Conclusion- Relying on the judgement of Delhi Tribunal in the case of Santosh Katiyar Vs. Commissioner of Central Excise, Bhopal, it is held that the construction service was provided to Jawaharlal Nehru National Urban Renewal Mission and Rajiv Awaas Yojana. On this common fact in the above judgment it was held that the service tax is not leviable to such project.

FULL TEXT OF THE CESTAT AHMEDABAD ORDER

The present appeal is filed against the Order-in-Original No. STC/50/COMMR/AHD/2012 dated 19-12-2012.

2. The brief facts of the case are that the appellant during the period under consideration (01.04.2006 to 30.06.2010) were engaged in the business of construction of residential Complex services under Jawaharala Nehru National Urban Renewal Mission (JnNURM). All the project executed by Appellant under the JnNURM scheme pertained to construction of House for Economic Weaker Section (EWS).
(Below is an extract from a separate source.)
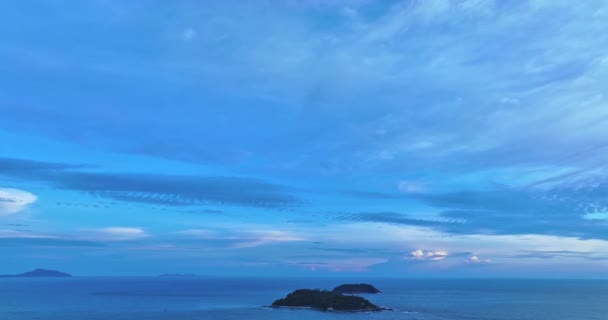 Promthep Burnu Phukette Denizi Kaplayan Derin Mavi Gökyüzünün Havadan Görünüşü — Stok video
The said project under the JnNURM scheme were executed by Appellant for Ahmedabad Municipal Corporation (AMC) and Ahmedabad Urban Development Authority (AUDA) only. As per the department service tax on “Construction of Complex Service” was levied under Sub-Section (105)(zzzh) of Section 65 of the Finance Act, 1994 with effect from 16.06.2005. Thus the services provided by Appellant under the JnNURM scheme fell under the category of “Construction of Complex Service”. Further, Government of India vide Notification No. 28/2010 dtd. 22.06.2010 exempted the taxable services of construction of complex referred to in sub-clause (zzzh) of clause (105) of section 65 of the Finance Act, when provided to Jawaharlal Nehru National Urban Renewal Mission of (JnNURM) and Rajiv Awas Yojana, from the whole of the service tax leviable thereon under Section 66 of the Finance Act w.e.f. 01.07.2010. It is thus, services provide by the Appellant under the category of “Construction of Complex Service‟ for JnNURM Project were taxable upto 01.07.2010. Appellant was issued show cause notice for demanding Service Tax alongwith interest and penalty which was confirmed by the impugned order in original. Being aggrieved, the appellant has filed the present appeal.
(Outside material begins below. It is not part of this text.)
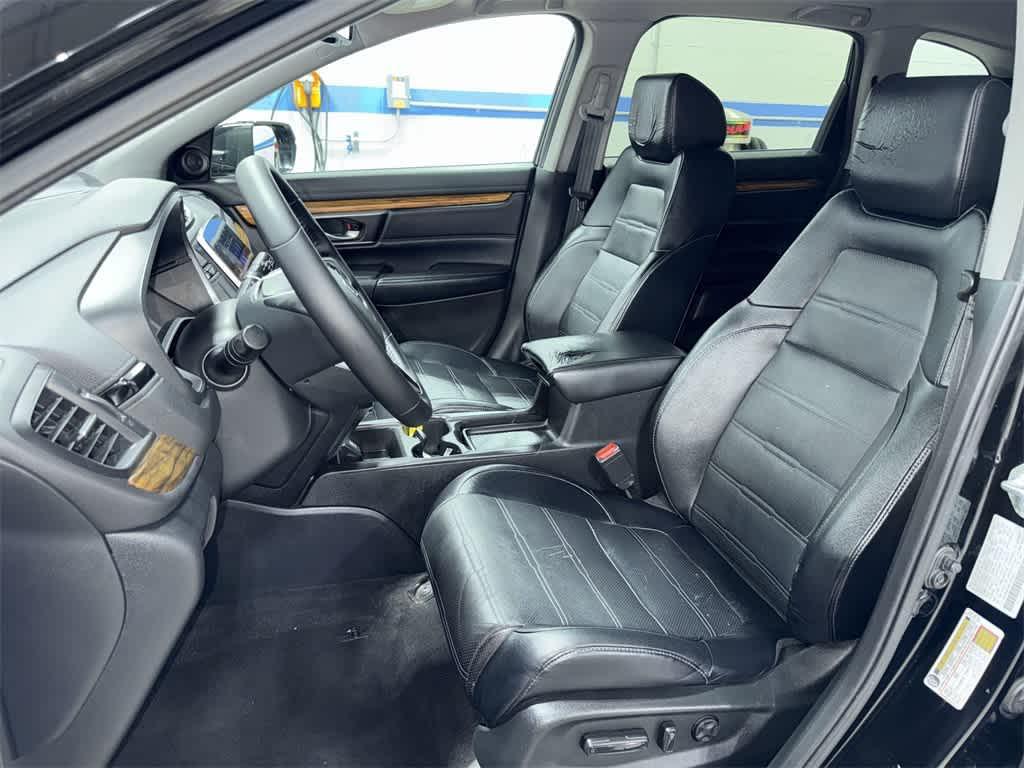 used 2018 Honda CR-V car, priced at $15,000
3. Shri Devan Parikh learned Sr. Advocate along with Shri Nirav Shah, learned Counsel appeared on behalf of Appellant submits that the Appellant had undertaken such work for construction of residential complex for economically weaker section i.e. urban poor under JnNURM Scheme in the vicinity of Ahmedabad. Providing basic residential facilities to Urban Poor is covered under the provisions of basic services under the JnNURM Scheme and hence, in the city of Ahmedabad such schemes were undertaken by the Ahmedabad Municipal Corporation (AMC) as well as Ahmedabad Urban Development Authority. The Government had invited tenders prior to levy of service tax on construction of residential complex service. Hence, as per the tender terms, no service tax was applicable on such projects. The Appellant had been allotted project under the aforesaid scheme by the AMC as well as AUDA.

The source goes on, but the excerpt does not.